NCATS-Gamma / robokop

Master UI for ROBOKOP
MIT License
15 stars 3 forks source link

Unable to build robokop-kg from scratch #493

Closed Prakash2403 closed 4 years ago

Prakash2403 commented 4 years ago

I wanted to see how data is ingested in neo4j. Hence, I started with empty neo4j database, ran docker exec $(docker ps -f name=interfaces -q) bash -c "source robokop-interfaces/deploy/setenv.sh && robokop-interfaces/initialize_type_graph.sh" to setup initial database. Everything went fine till here.

Now, let's say I want to add chembio data(the corresponding service is available and is present in greent/core.py. How do I do that?

Edit: Upon inspection, I found two scripts which can do this:

  1. runthemall.sh: Throws some error, opened an issue for that #492
  2. crawl_all.py: Located in robokop-interfaces/crawler/crawl_all.py. Ran the following code: python crawl_all.py -sv chembio. Seems like it downloads a lot of data, but nothing gets pushed to neo4j.
YaphetKG commented 4 years ago

@Prakash2403 , posted some changes for builder/writer.py . I think the issue was that the threads created by the writer process upon message arrival from the broker queue seem to be smaller that it expects and since subsequent messages are delivered to different threads, I think on slow queue deliveries this is an issue. Thanks for bringing this up.

Prakash2403 commented 4 years ago

@YaphetKG I think the problem still exists. Ran python crawl_all.py -sv chembio two hours ago, still no entry in neo4j. Also, any updates on runthemall.sh?

Thanks for the help.

Edit: Looked at the logs. Found a lot of lines like this:

Failed to get response from https://onto.renci.org/synonyms/ENSEMBL:ENSG00000101440. Status code 500 Is this an issue?

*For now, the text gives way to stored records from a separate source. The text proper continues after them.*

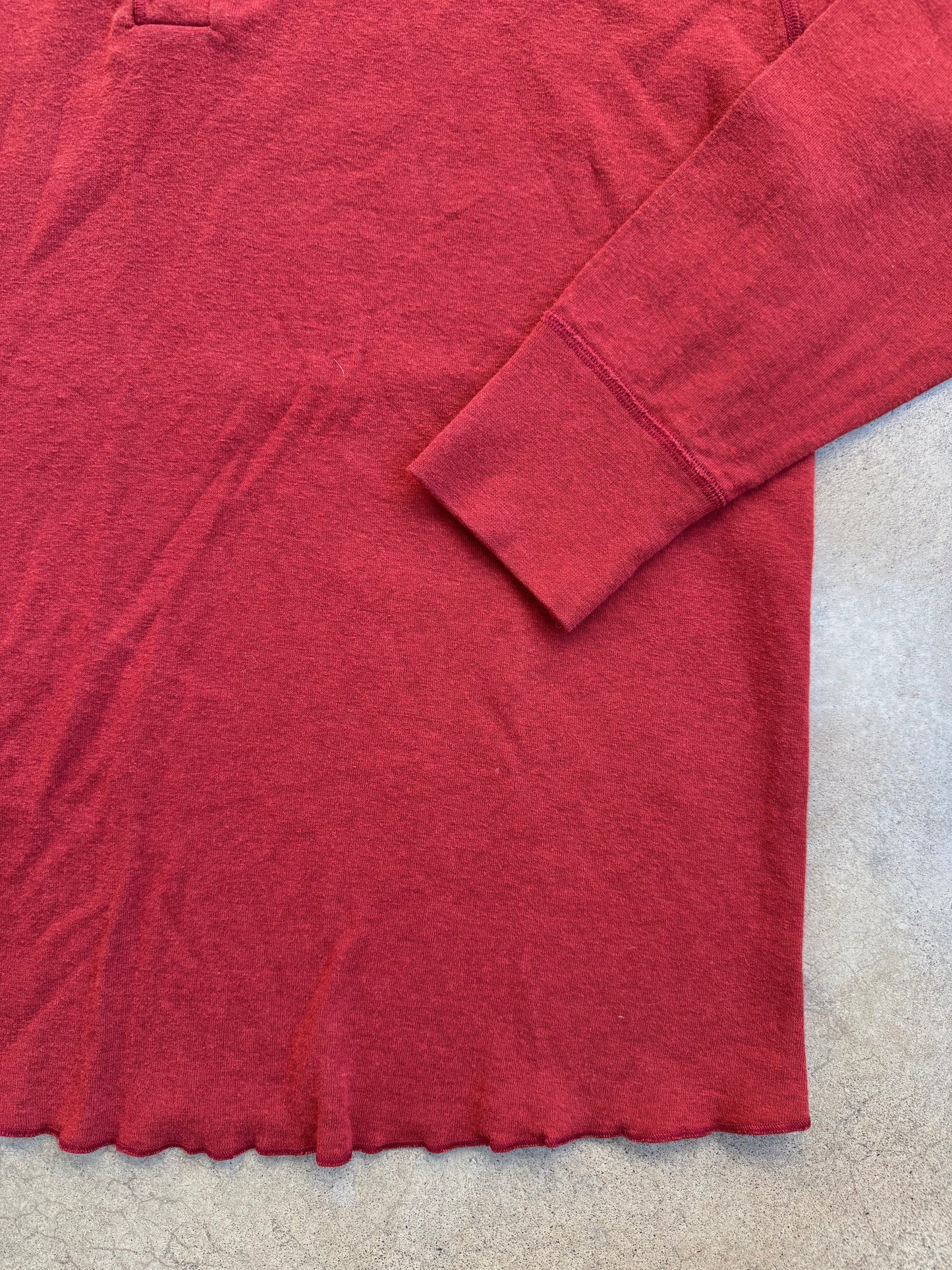 Vintage L.L. Bean River Drivers Red Wool-Blend Henley Shirt | XL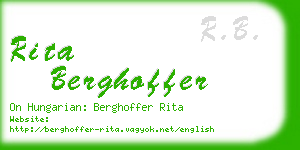 rita berghoffer business card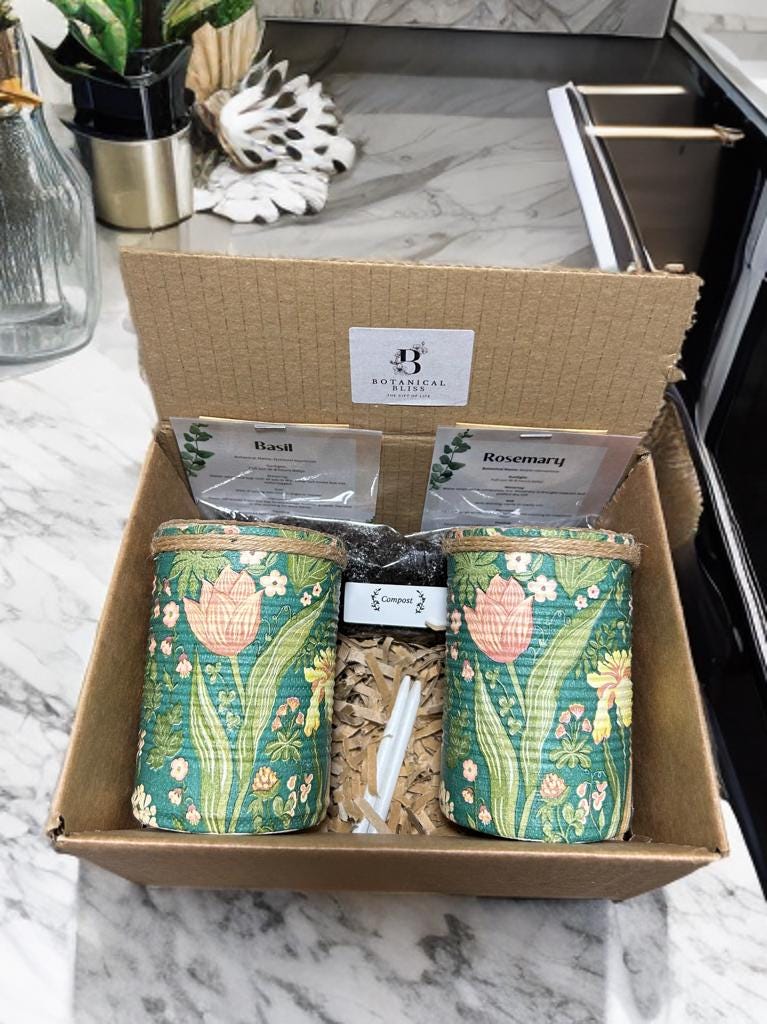 Vintage Green & Cream Floral Grow Your Own Herbs Gift Set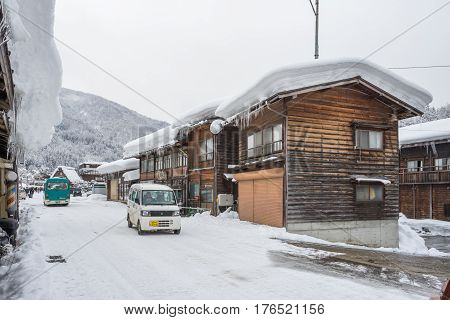 Shirakawa, Japan - 14 FEB 2017: Traditional Gusso farmhouse at Shirakawa go village, Japan.Winter in Shirakawa-go Japan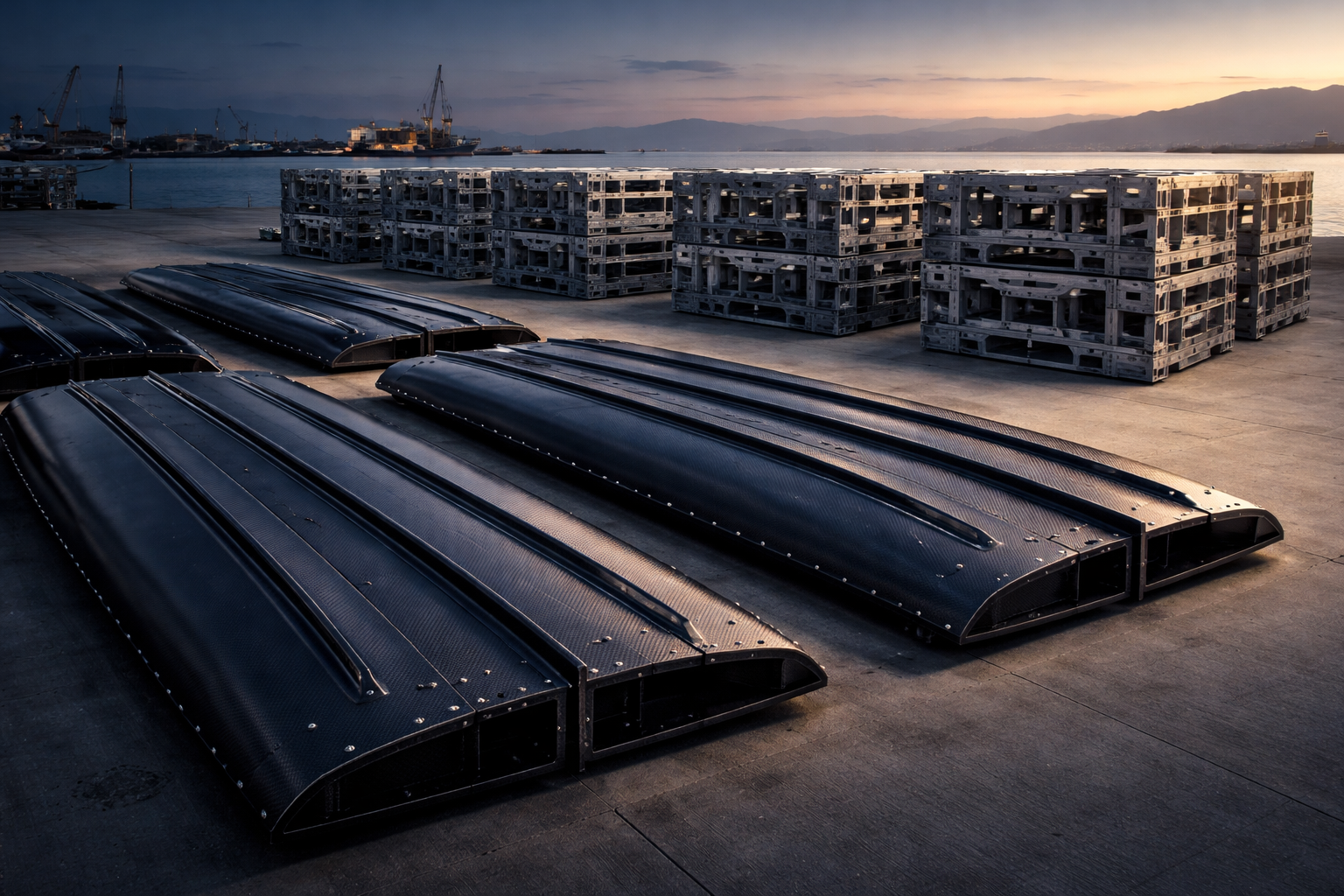 Wide dockside view of stacked carbon-fiber hull panels and machined aluminum frames on a shipyard pier at dusk, main subject centered in the upper two-thirds and the lower third left clear.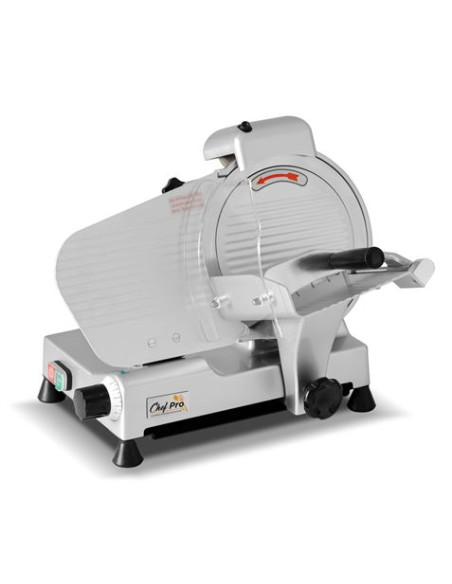 CORTADORA DE CARNE Y FIAMBRE PROFESIONAL 250MM, 240W CHEF PRO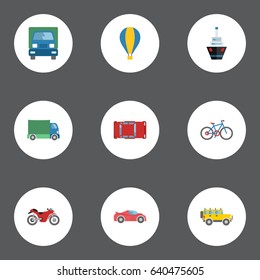 Flat Lorry, Luxury Auto, Bicycle And Other Vector Elements. Set Of Auto Flat Symbols Also Includes Freight, Auto, Bike Objects.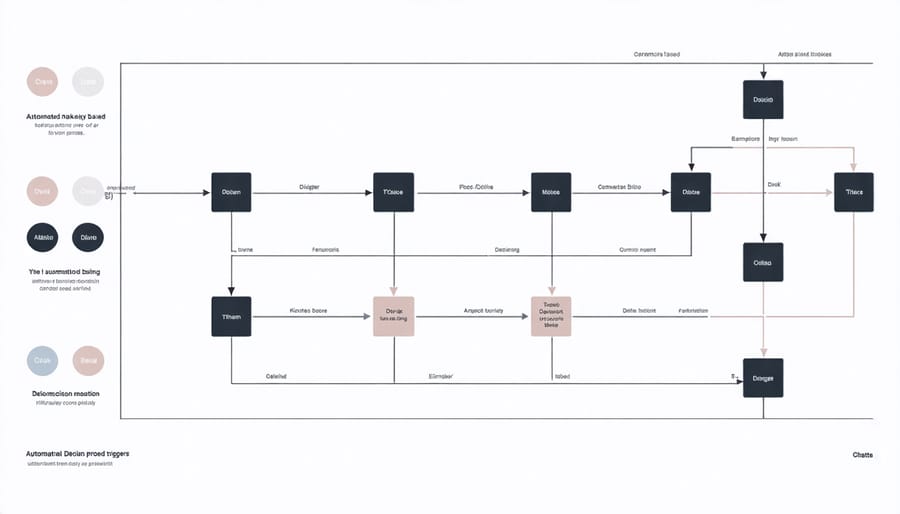 Decision tree diagram illustrating automated marketing responses to real-time data signals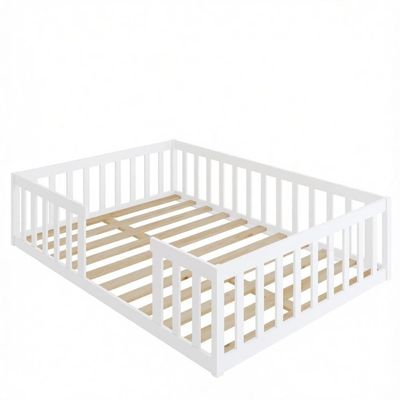 Cama Casal Montessoriana Com Colchão Madeira Maciça Branco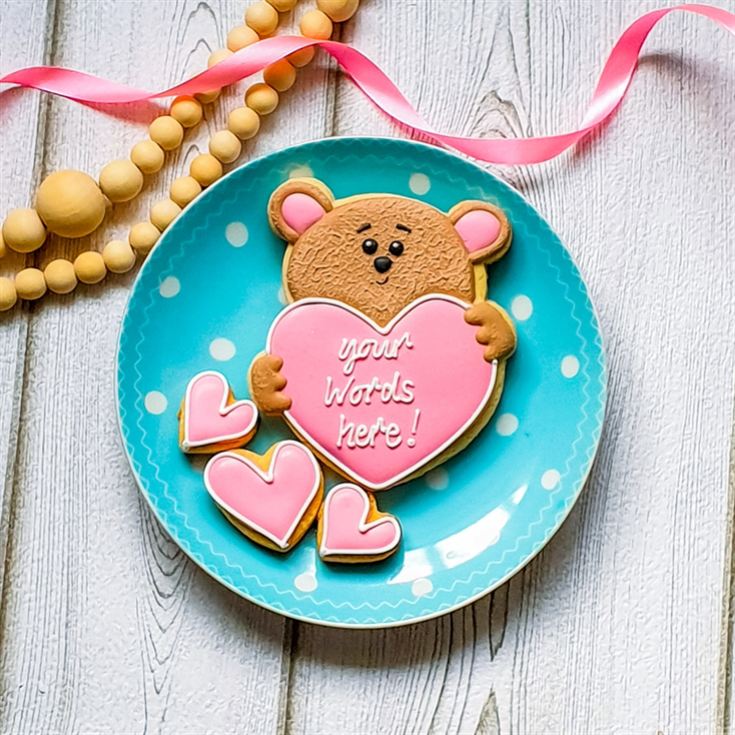 Personalised Love Bear Hand-Iced Cookie Letterbox Gift product image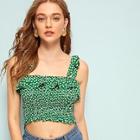 Romwe Ditsy Floral Ruffle Trim Shirred Cami Top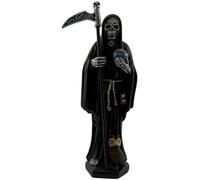 HOSTENATURA Figura Santa Muerte Negra 15 cm | Estatua Espiritual de Protección, Poder y Defensa Energética | Figura Religiosa Esotérica en Resina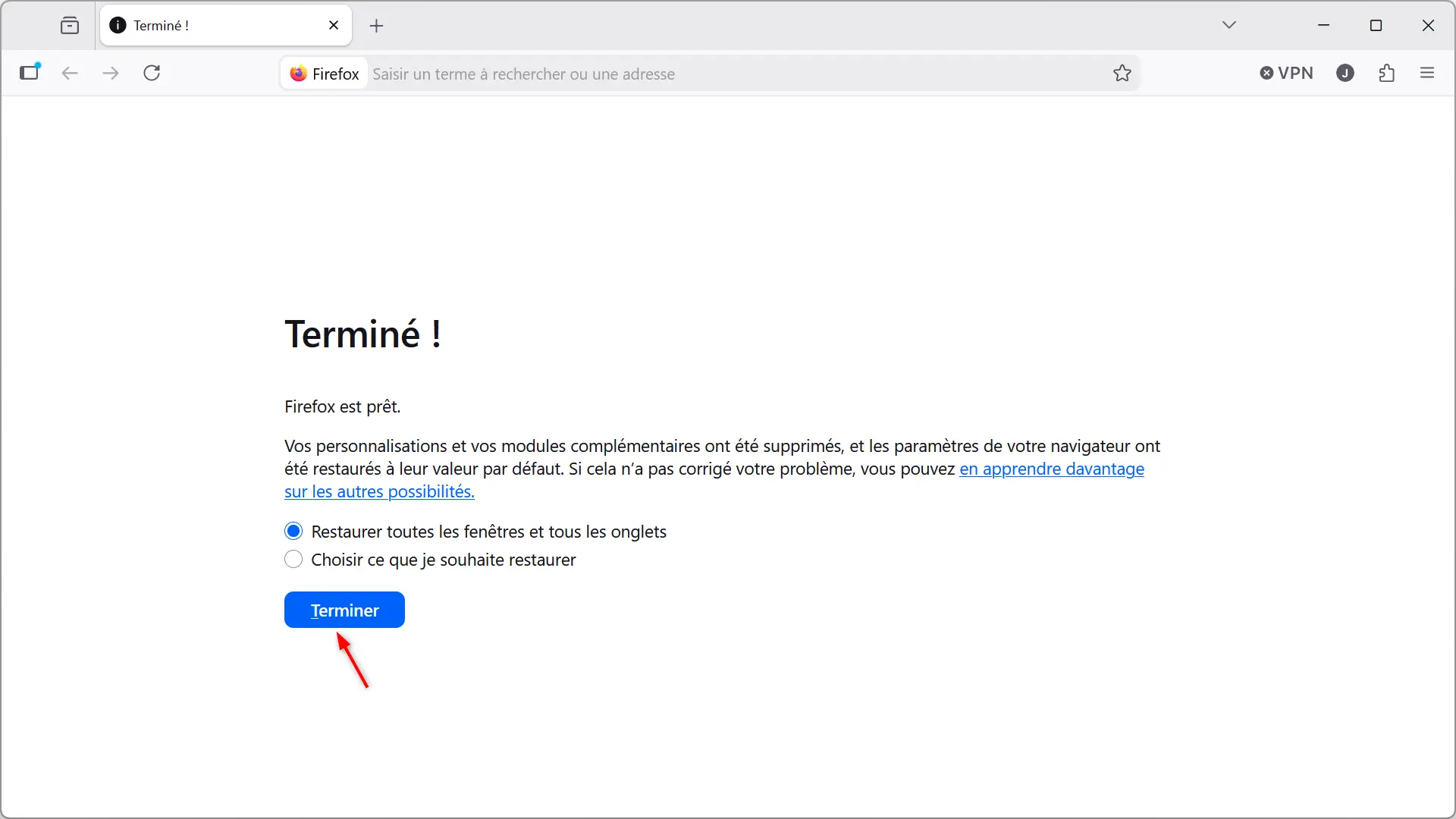 Page de fin de réparation de Firefox avec le bouton Terminer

Prakash2403 commented 4 years ago

@YaphetKG

Tried to build with python crawl_all.py -sv biolink.

Since I just wanted to build a PoC, I did some changes to the code.

  1. Added break statement below this line
  2. Added break statement after every lids.append in this function.

What I thought would happen?

As soon as it founds one valid data point for a given input_type, it will process it and insert it in neo4j.

What actually happened?

As per the logs, processing went fine. But no data shows up in neo4j.

Also, can you kindly tell me the steps to build and populate DB from scratch?(apart from the ones mentioned in README)

EDIT: Looked at the code for BufferedWriter class inside robokop-interfaces/greent/export.py. Seems like it makes an update when node_buffer_size is 100. Am I right?

EDIT 2: Worked for biolink :). Removed all break statements and reduced the size of buffer to 5. Worked like a charm. Not sure for chembio though.